Otoriter ve kapalı fikirli proje sahipleri, devleti her zaman toplumun üyelerini egemenler ve ezilenler olmak üzere iki sınıfa ayıran zorlayıcı bir toplumsal ilişki olarak tasavvur etmişlerdir.
Aralarında "güçlü" sömürücü galip gelir ve "zayıf" sömürücü köleleştirilir.
Bu kişilerin iktidara gelmesi, modern devleti karakterize eden kurumsal yapıların ve medeni siyasi, ekonomik ve sosyal sistemlerin çökmesi ve devletin varlığından önceki çağa dönmeleri anlamına gelmektedir.
Yani, onları aile ve kabileciliğe dayalı ilk ilkel siyasi biçimlerindeki insan toplumlarının imajına dönüştürmek.
Bir politikacı siyaset düşünürü ve teorisyeni mi yoksa siyaset bilimci mi olmalı?
Kesinlikle şart değil.
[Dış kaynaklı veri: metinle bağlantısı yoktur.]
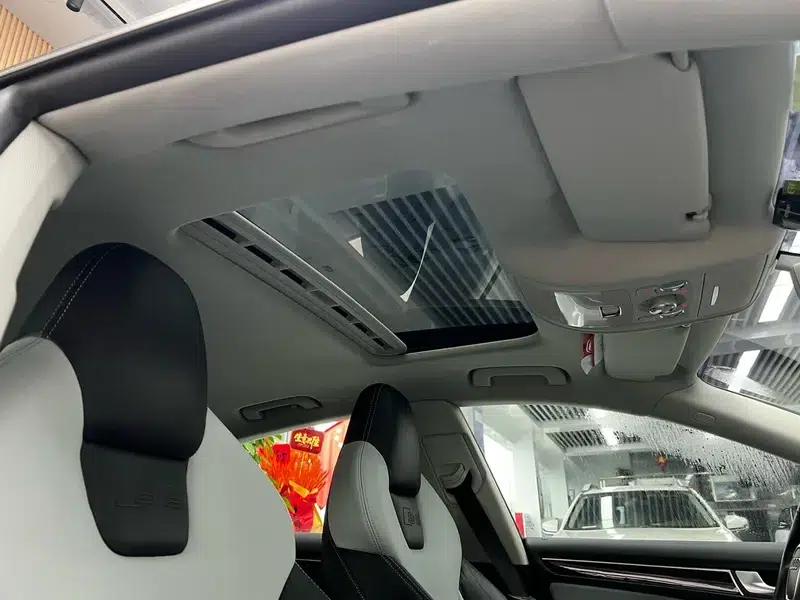 2010 Audi S5 3.0T Sportback — миниатюра 25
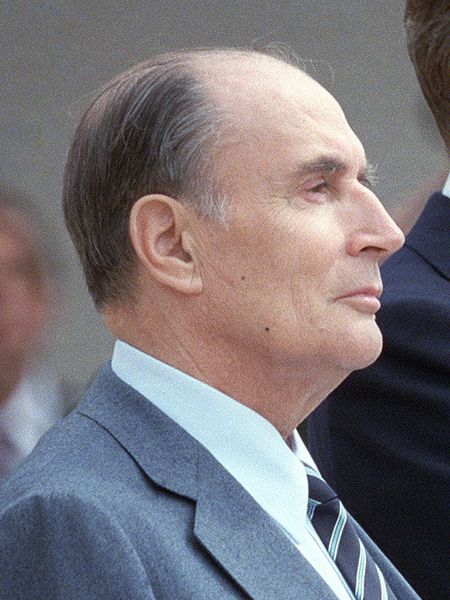 Soubor:Reagan Mitterrand 1984 (cropped).jpg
Belki de tam tersine, katı akademik ve geleneksel kurallar, politikacının yaratıcı olma ve siyasi alanının karşı karşıya olduğu acil sorunlara çözümler üretme yeteneğini sınırlar.
Ancak yukarıdakiler, siyaset biliminde düşünce, bilgi ve deneyime sahip olanlardan, devlet işlerini ve çeşitli meseleleri nasıl yöneteceklerini öğrenmekten ve onlardan yardım istemekten onu kurtarmaz.
Ancak siyasi eyleme karşı çıkan ve ülkesinde iktidara gelmek isteyenlerin, vatandaşın isteklerini yerine getiren, haklarını kullanmasını sağlayan ve çeşitli ihtiyaçlarını karşılayan açık bir proje, vizyon ve programa sahip olmaları gerekir.
İnsanda siyasi ve bilişsel farkındalığın oluşmaya başladığı andan itibaren tiranlar ve tiranlar krallıklarına kutsallık bahşetmeye çalışmışlardır.
Ve krala insanüstü nitelikler ve özellikler bahşederler. Bilakis, ebediyete ve ilahlaşmaya geldi... Sonra, sanki kutsallık madalyonun iki yüzü gibi, krallık ve kral imajını insanların zihinlerine ve kalplerine kazıdılar.
İnsan topluluklarını organize etmek ve onların işlerini ve çıkarlarını yönetmek için optimal bir formül olarak insan zihni tarafından üretilen kurumsallaşmış bir siyasi ve yasal varlık olarak devlet görüşü.
Kutsallığın hükümdarını soyar ve tanrılaştırılmış tiranların tarih boyunca sürdürmeye çalıştıkları metafizik, otoriter devlet imajını düşürür.